■ What you need to do
Start at the line with "Diner Concert FLAMENCO" in the records below, stop at the line with "Chimp Strength™ avatar", and return every line in that span exactly, the two end lines included.

■ The input
◆ ◆ ◆

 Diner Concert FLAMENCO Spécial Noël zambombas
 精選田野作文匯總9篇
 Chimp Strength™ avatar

◆ ◆ ◆

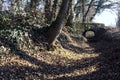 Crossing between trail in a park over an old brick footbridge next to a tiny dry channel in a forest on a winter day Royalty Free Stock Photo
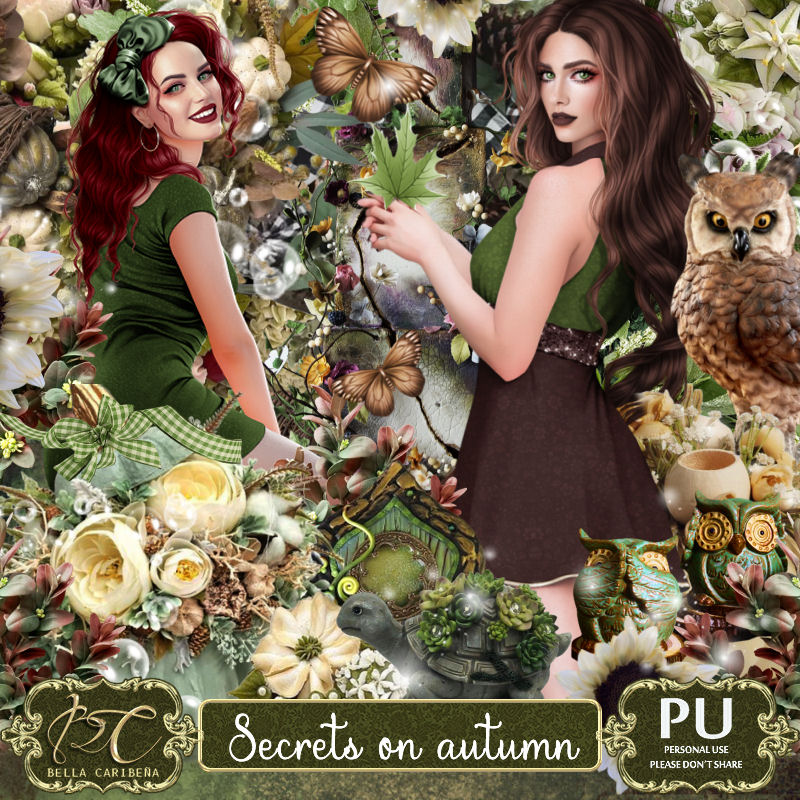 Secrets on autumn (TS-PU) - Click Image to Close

◆ ◆ ◆

■ Exercise result
 Diner Concert FLAMENCO Spécial Noël zambombas
 精選田野作文匯總9篇
 Chimp Strength™ avatar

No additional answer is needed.